How to verify or challenge this estimate yourself
The most useful thing you can do is go directly to the primary sources rather than relying on any single estimate, including this one. Here is a practical workflow:
- Pull ING Group's most recent Form 20-F filing from SEC EDGAR (search 'ING Group 20-F'). Navigate to the remuneration section of the annual report and find the Executive Board remuneration table. This will show base salary, variable pay, and total actual remuneration for Steven van Rijswijk by year.
- In the same filing or the investor site version of the annual report, find the 'ING shares held by Executive Board members' table. Note the share count attributed to 'Steven van Rijswijk (CEO)' at the most recent year-end.

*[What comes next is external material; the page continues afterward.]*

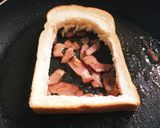 ズボラでゴメン！食パン枠ベーコンオムレツ作り方2写真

- Multiply that share count by the current ING share price (ticker: INGA on Euronext Amsterdam) to get the current market value of his documented equity holding.
- Compare the remuneration figures across multiple years (2021, 2022, 2023, 2024) to see how compensation has trended, and use that trajectory to stress-test the income component of the estimate.
- Cross-check the identity in each filing: the filings consistently refer to 'Steven van Rijswijk (CEO),' which when matched against ING's official bio (born 1970, CEO since July 2020) confirms you are looking at the right person.
If you find a remuneration figure significantly above or below what is modeled here, the estimate should be revised accordingly. The share count and price calculation is the easiest independent verification because all inputs are public and the math is straightforward. This kind of primary-source approach is the same methodology used when researching the net worth of other executives like Steven Royzenshteyn, where disclosed equity stakes and compensation filings do most of the heavy lifting.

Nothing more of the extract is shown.